The first 20-30 minutes are necessary to set up who Mike is and what his life looks like: a little mini day in the life short film. It’s a bleak state of affairs: he’s clearly just drifting in and out of life, only caring enough to get the drugs he intends to abuse. Everything is about impulse and immediate gratification: whatever Mike wants he’s gonna try and get as easily as possible. So even when a nice guy like Simon helps him out on food, that’s not enough: Mike sees that watch as the quickest way to getting the drugs he needs, so he goes for it. Mike’s a pretty hideous guy for sure, but when we see his one phone call to his mom who clearly has disowned him, we feel the overwhelming stakes the poor guy is up against, unequipped to handle them.
No matter what the circumstances. Urchin’s power is what happens after Mike gets arrested, where the roots of recidivism are near impossible to break. Prison looks at first like a godsend: Mike got sober, and Nadia’s help has landed the boy a job and at least housing to see if he can try to start over. Little wins go over big for the guy, who uses the self-help CD’s to really try to give it a go with a real life. But those little victories are always fleeting, as Mike is constantly confronted with the sins of his past he has to deal with. This makes the guy emotionally volatile, and that bad behavior starts to rear its ugly head in small doses at first, and then bigger ones. Mike tries other outlets: new job, maybe a girlfriend Andrea (Megan Northam), but all those new paths end up in dead ends. Why? Because Mike can’t shake his past, and becomes consumed by it at the expense of everyone in his life. And so the cycle brings us right back to where we started, a new rock bottom that relative unknown Frank Dillane shows us with each incredible heartbreaking moment, slowly transforming right back to where he was at minute one.

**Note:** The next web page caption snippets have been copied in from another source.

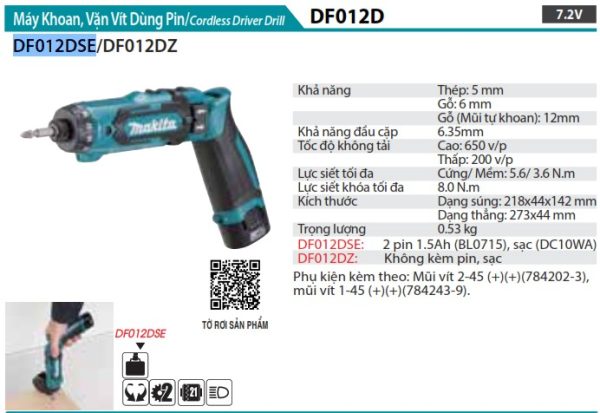DF012DSE  Máy Khoan Và Vặn Vít Dùng Pin(7.2v) (kèm 02 Pin + Sạc)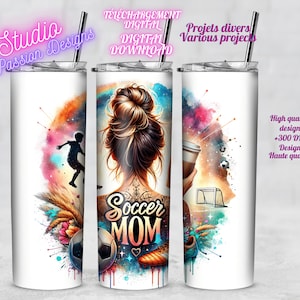Soccer Mom messy bun- Coffee - Café - Ballon de Soccer Ball - Amazing - Tumbler - Wine - Mug - Gobelet - Vin - Tasse -PNG- Digital Download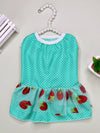 Rural Style Green Polkadot Strawberry Lace Dress for Pets - Adorable Sleeveless Outfit for Dogs and Cats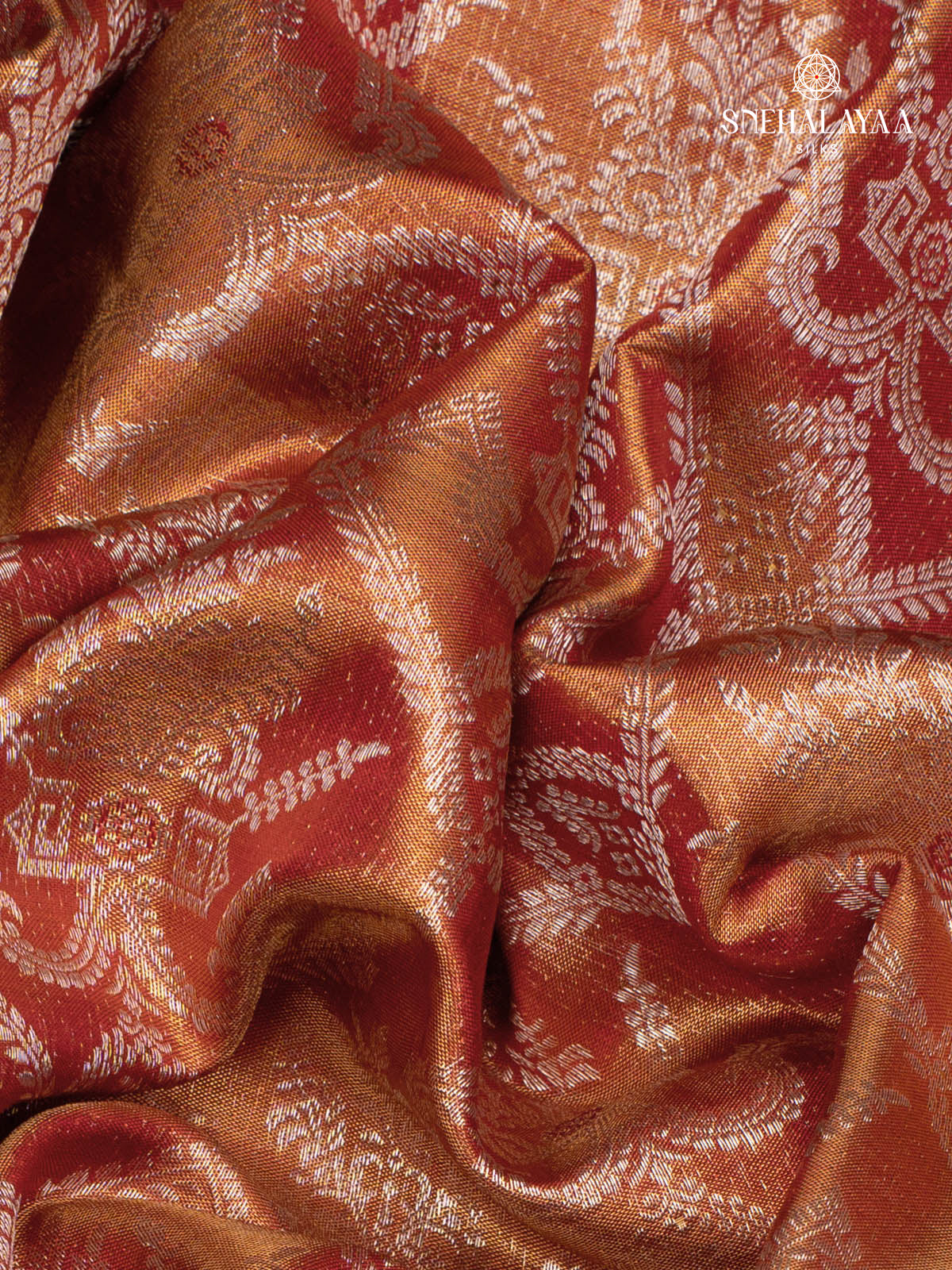 Rustic Orange Kanjivaram Silk Saree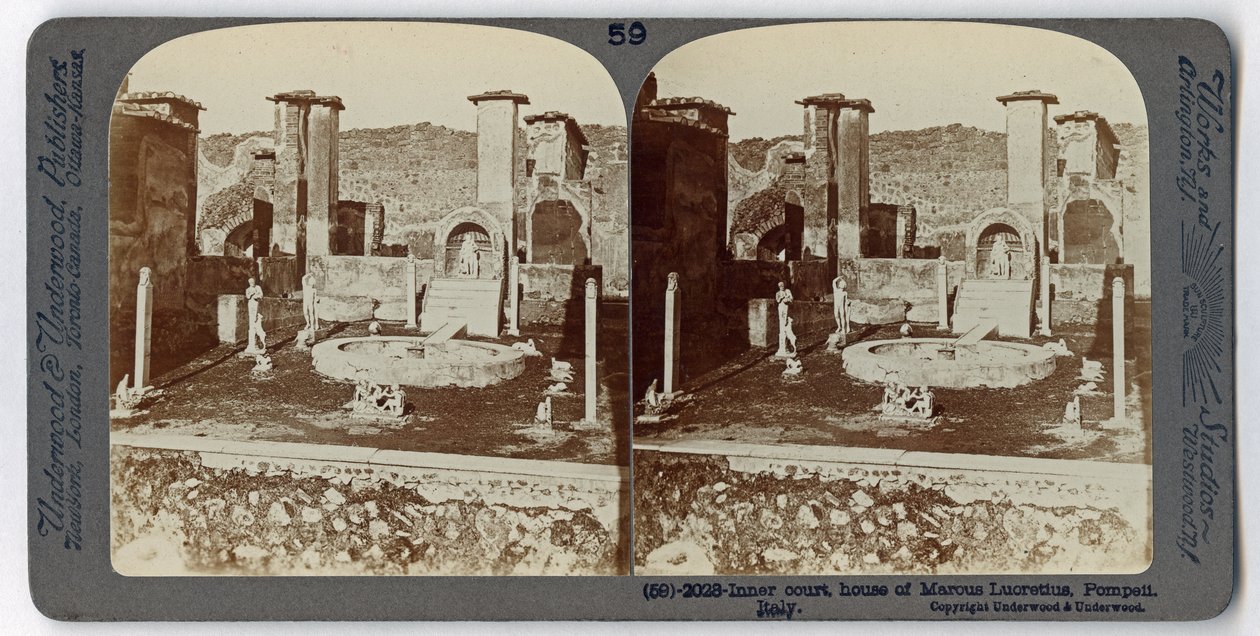 La Maison de Marcus Lucretius, Pompéi, de The Underwood Travel Library, 1895 - Italian Photographer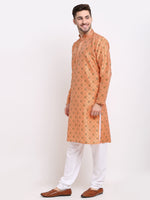 Thumbnail for Jompers Men's Orange Woven Kurta Payjama Sets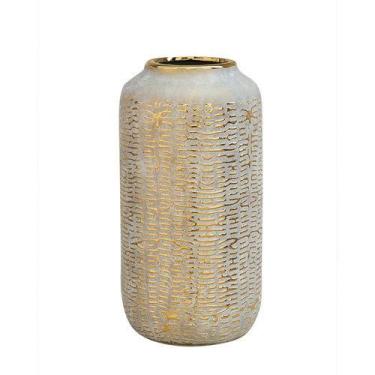 Imagem de Vaso De Ceramica Branco Com Dourado M - Btc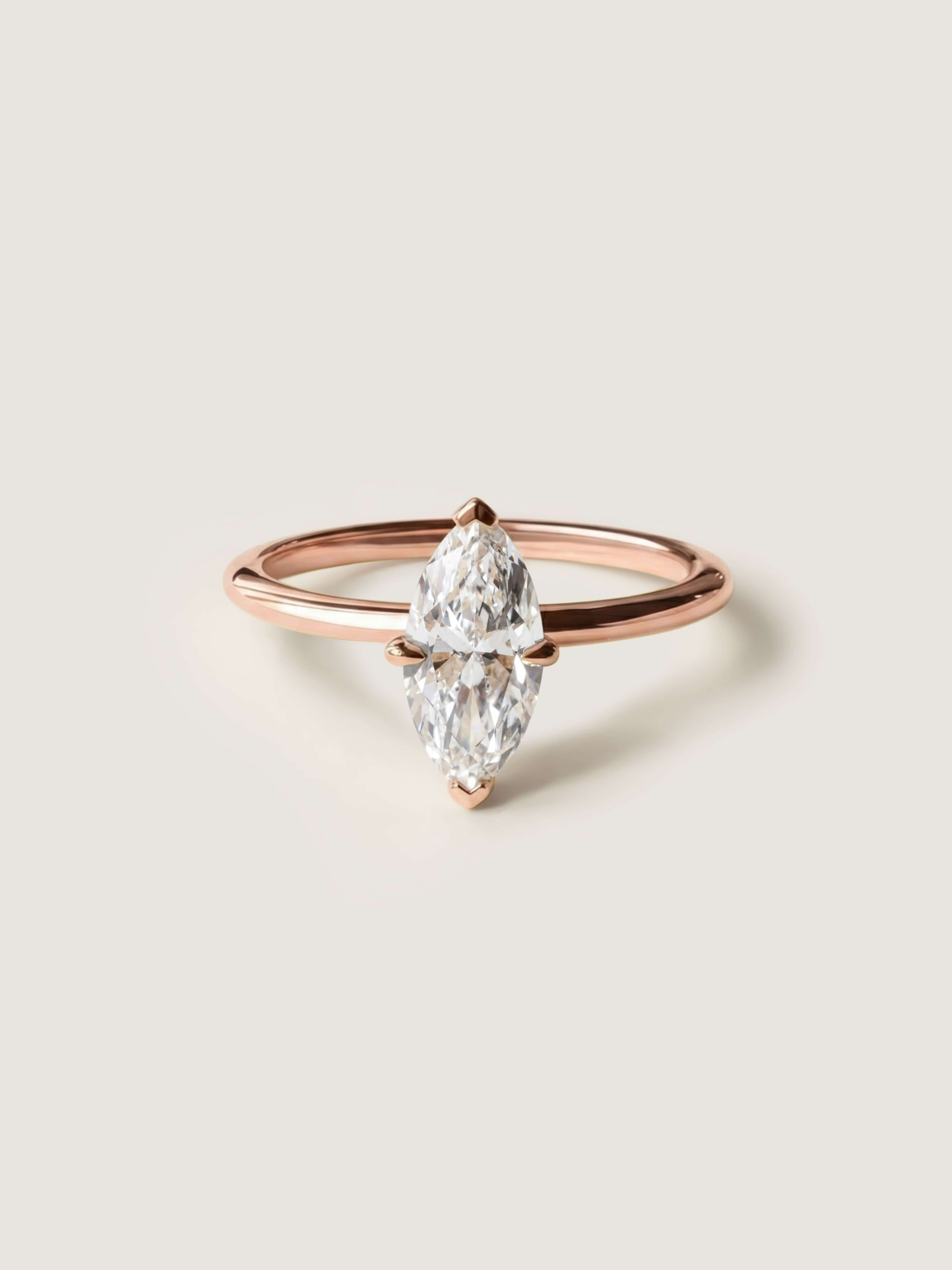 Classic Marquise Cut Ring in rose gold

Even with well thought out resources, the UK’s recidivism rate is still 25%. 1 out of 4 criminals are like Mike, stuck in a cycle they can never escape. The US is even worse, double that in the worst places. I never expected Harris Dickinson to be the one to make a film about this, so props to him for dispelling the Aladdin myth of the street rat. Although there is even some karaoke in Urchin too. I guess even Dickinson’s trauma roots are that deep.